[Items listed in a dataset]
=====

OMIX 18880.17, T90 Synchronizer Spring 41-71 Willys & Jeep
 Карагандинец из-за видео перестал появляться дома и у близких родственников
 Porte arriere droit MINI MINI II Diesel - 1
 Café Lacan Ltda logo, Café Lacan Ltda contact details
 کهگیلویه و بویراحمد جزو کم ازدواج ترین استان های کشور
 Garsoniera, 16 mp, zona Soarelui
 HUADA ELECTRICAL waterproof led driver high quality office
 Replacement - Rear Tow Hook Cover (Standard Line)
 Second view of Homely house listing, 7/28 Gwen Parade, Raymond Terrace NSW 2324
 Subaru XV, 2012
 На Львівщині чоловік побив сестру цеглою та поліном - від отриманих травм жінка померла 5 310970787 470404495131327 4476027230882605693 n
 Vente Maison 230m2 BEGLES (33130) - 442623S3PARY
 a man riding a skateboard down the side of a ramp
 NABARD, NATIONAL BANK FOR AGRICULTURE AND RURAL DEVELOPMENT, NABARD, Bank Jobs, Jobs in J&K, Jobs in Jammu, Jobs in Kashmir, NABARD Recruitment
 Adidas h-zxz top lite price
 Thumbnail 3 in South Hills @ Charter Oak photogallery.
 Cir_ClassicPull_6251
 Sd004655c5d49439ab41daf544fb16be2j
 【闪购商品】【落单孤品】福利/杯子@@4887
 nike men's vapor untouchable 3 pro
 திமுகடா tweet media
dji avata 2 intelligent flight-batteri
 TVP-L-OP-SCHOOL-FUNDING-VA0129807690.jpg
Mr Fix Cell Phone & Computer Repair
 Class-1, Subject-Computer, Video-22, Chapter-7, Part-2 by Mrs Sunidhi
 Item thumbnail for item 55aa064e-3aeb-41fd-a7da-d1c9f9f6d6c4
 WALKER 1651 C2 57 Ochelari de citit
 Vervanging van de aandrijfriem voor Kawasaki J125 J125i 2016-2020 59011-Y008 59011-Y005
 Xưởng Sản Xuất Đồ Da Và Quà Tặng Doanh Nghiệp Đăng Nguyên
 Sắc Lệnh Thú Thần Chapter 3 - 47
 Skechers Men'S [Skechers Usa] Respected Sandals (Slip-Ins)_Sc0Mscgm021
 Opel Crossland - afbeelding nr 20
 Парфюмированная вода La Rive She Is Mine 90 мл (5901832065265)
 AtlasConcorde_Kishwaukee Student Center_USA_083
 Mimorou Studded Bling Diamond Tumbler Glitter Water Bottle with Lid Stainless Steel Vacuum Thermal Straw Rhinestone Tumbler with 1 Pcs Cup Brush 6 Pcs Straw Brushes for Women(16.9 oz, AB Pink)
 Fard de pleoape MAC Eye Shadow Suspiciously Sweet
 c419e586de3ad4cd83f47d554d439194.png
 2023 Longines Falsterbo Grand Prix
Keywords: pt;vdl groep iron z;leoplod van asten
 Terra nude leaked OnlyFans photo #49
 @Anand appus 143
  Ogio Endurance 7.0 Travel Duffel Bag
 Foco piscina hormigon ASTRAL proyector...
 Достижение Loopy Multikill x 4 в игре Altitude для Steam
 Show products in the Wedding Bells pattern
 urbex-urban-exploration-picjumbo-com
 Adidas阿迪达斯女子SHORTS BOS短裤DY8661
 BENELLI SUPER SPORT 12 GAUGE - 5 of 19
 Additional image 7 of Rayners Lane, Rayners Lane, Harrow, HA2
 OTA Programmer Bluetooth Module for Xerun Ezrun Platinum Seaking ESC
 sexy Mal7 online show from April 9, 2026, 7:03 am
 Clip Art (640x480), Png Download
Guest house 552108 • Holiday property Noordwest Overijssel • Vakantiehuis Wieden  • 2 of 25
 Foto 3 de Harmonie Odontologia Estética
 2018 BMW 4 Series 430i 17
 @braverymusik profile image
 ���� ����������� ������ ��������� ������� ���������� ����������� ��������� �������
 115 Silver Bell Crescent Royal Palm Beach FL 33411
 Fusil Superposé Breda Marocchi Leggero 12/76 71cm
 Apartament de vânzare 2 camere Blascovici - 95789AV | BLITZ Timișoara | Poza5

=====

The records must be given again in full, exactly as shown.

OMIX 18880.17, T90 Synchronizer Spring 41-71 Willys & Jeep
 Карагандинец из-за видео перестал появляться дома и у близких родственников
 Porte arriere droit MINI MINI II Diesel - 1
 Café Lacan Ltda logo, Café Lacan Ltda contact details
 کهگیلویه و بویراحمد جزو کم ازدواج ترین استان های کشور
 Garsoniera, 16 mp, zona Soarelui
 HUADA ELECTRICAL waterproof led driver high quality office
 Replacement - Rear Tow Hook Cover (Standard Line)
 Second view of Homely house listing, 7/28 Gwen Parade, Raymond Terrace NSW 2324
 Subaru XV, 2012
 На Львівщині чоловік побив сестру цеглою та поліном - від отриманих травм жінка померла 5 310970787 470404495131327 4476027230882605693 n
 Vente Maison 230m2 BEGLES (33130) - 442623S3PARY
 a man riding a skateboard down the side of a ramp
 NABARD, NATIONAL BANK FOR AGRICULTURE AND RURAL DEVELOPMENT, NABARD, Bank Jobs, Jobs in J&K, Jobs in Jammu, Jobs in Kashmir, NABARD Recruitment
 Adidas h-zxz top lite price
 Thumbnail 3 in South Hills @ Charter Oak photogallery.
 Cir_ClassicPull_6251
 Sd004655c5d49439ab41daf544fb16be2j
 【闪购商品】【落单孤品】福利/杯子@@4887
 nike men's vapor untouchable 3 pro
 திமுகடா tweet media
dji avata 2 intelligent flight-batteri
 TVP-L-OP-SCHOOL-FUNDING-VA0129807690.jpg
Mr Fix Cell Phone & Computer Repair
 Class-1, Subject-Computer, Video-22, Chapter-7, Part-2 by Mrs Sunidhi
 Item thumbnail for item 55aa064e-3aeb-41fd-a7da-d1c9f9f6d6c4
 WALKER 1651 C2 57 Ochelari de citit
 Vervanging van de aandrijfriem voor Kawasaki J125 J125i 2016-2020 59011-Y008 59011-Y005
 Xưởng Sản Xuất Đồ Da Và Quà Tặng Doanh Nghiệp Đăng Nguyên
 Sắc Lệnh Thú Thần Chapter 3 - 47
 Skechers Men'S [Skechers Usa] Respected Sandals (Slip-Ins)_Sc0Mscgm021
 Opel Crossland - afbeelding nr 20
 Парфюмированная вода La Rive She Is Mine 90 мл (5901832065265)
 AtlasConcorde_Kishwaukee Student Center_USA_083
 Mimorou Studded Bling Diamond Tumbler Glitter Water Bottle with Lid Stainless Steel Vacuum Thermal Straw Rhinestone Tumbler with 1 Pcs Cup Brush 6 Pcs Straw Brushes for Women(16.9 oz, AB Pink)
 Fard de pleoape MAC Eye Shadow Suspiciously Sweet
 c419e586de3ad4cd83f47d554d439194.png
 2023 Longines Falsterbo Grand Prix
Keywords: pt;vdl groep iron z;leoplod van asten
 Terra nude leaked OnlyFans photo #49
 @Anand appus 143
  Ogio Endurance 7.0 Travel Duffel Bag
 Foco piscina hormigon ASTRAL proyector...
 Достижение Loopy Multikill x 4 в игре Altitude для Steam
 Show products in the Wedding Bells pattern
 urbex-urban-exploration-picjumbo-com
 Adidas阿迪达斯女子SHORTS BOS短裤DY8661
 BENELLI SUPER SPORT 12 GAUGE - 5 of 19
 Additional image 7 of Rayners Lane, Rayners Lane, Harrow, HA2
 OTA Programmer Bluetooth Module for Xerun Ezrun Platinum Seaking ESC
 sexy Mal7 online show from April 9, 2026, 7:03 am
 Clip Art (640x480), Png Download
Guest house 552108 • Holiday property Noordwest Overijssel • Vakantiehuis Wieden  • 2 of 25
 Foto 3 de Harmonie Odontologia Estética
 2018 BMW 4 Series 430i 17
 @braverymusik profile image
 ���� ����������� ������ ��������� ������� ���������� ����������� ��������� �������
 115 Silver Bell Crescent Royal Palm Beach FL 33411
 Fusil Superposé Breda Marocchi Leggero 12/76 71cm
 Apartament de vânzare 2 camere Blascovici - 95789AV | BLITZ Timișoara | Poza5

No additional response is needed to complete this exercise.